I got a couple hundred error lines similar to:

WARNING, query not in lookup: UHGV-1497742_14 VOG VOG05340

I looked into the VOG releases to see about these VOG IDs. All the IDs I checked are in older VOG releases (v221) but not in newer releases. This is consistent with metacerberus distributing the older .hmm and the newer .tsv for the VOG DB.

Let me know if I'm onto something.

Best

Mike

raw-lab commented 2 weeks ago

Hi Mike,

So, we just updated to the new VOGdb. As the one we pulled was their latest version from 2016, that we couldn't find post their new update. They only had that version until recently.

We should be v225 from August with hmms and their tsv.

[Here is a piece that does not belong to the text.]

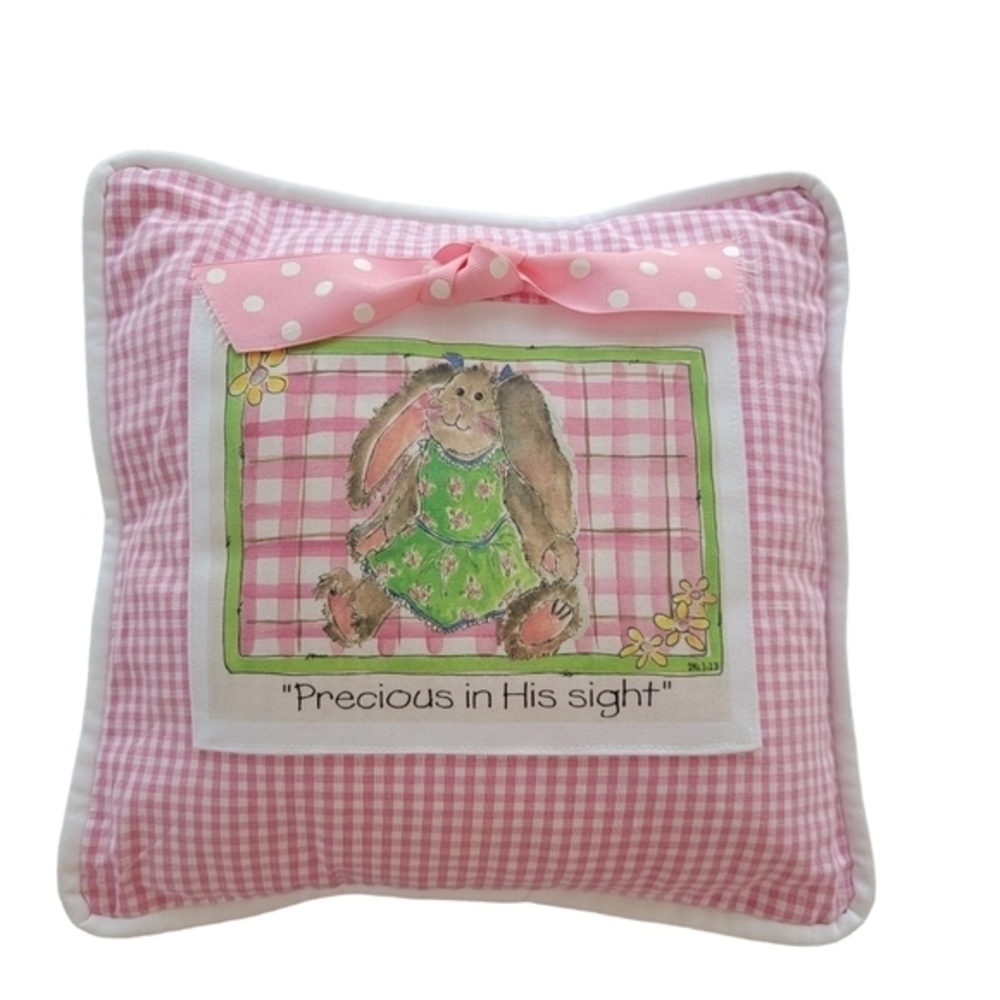 Baby Girl pillow pink white Bunny Rabbit precious in his sight 12 by 12 inches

Hmm, it should be in the Lookup tsv right? Do you think it's v225 Lookup issue? As they just released v226 like 3 days ago. We can double check the parsing on our end. Can you send us a tsv of these errors - so we can double check to see if they are in the tsv/Lookup?

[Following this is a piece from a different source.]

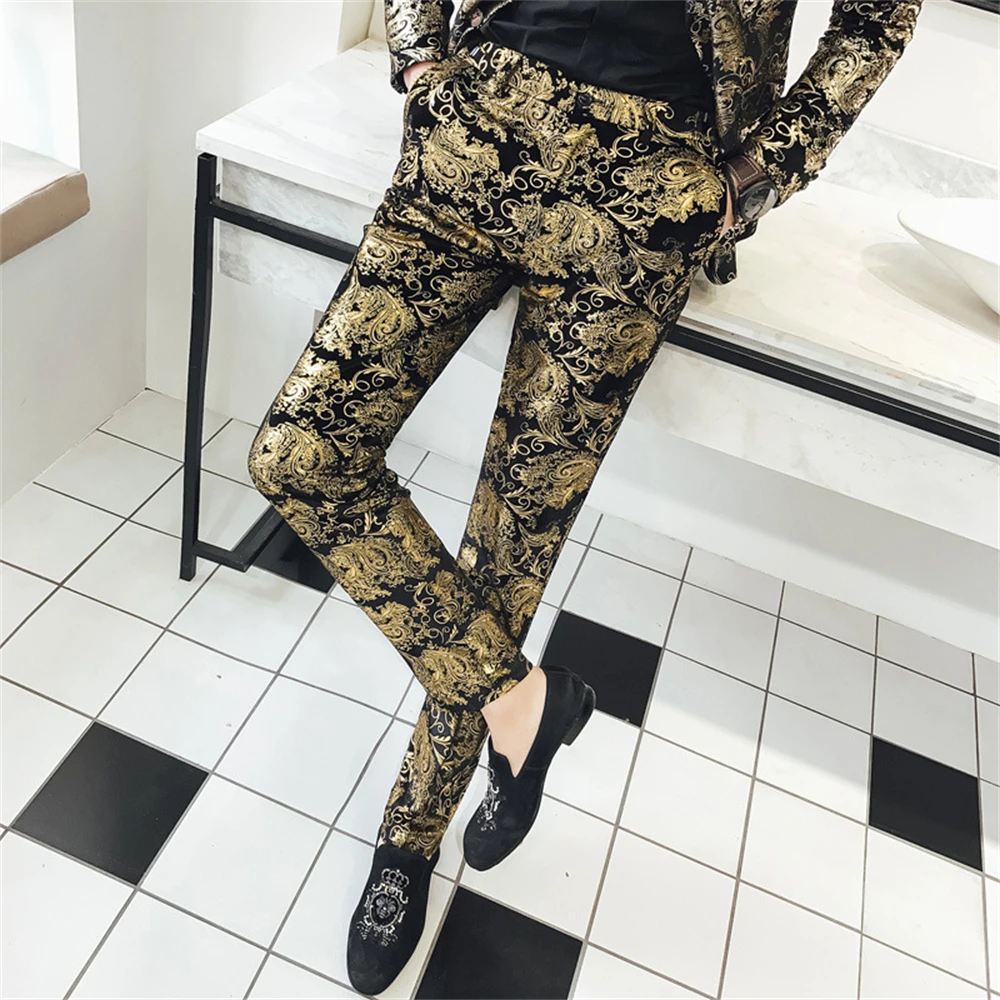 Jacquard Gold Men\'s Suit Set, Two Pieces Including Blazer and Pants, One Button, Long Sleeves, Fashion Performance Suits Tuxedo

Thank you for noticing! Also, thank you for using MetaCerberus. We plan to include your hmms for portal, tail, and mcp shortly.

We have a cryptic phage that is complete but we can't find the mcp or portal? We haven't tried your hmms yet but we plan on it.

Let's us know your thoughts if you think it's a release issue or a parsing issue on our end?

Many thanks, RAW lab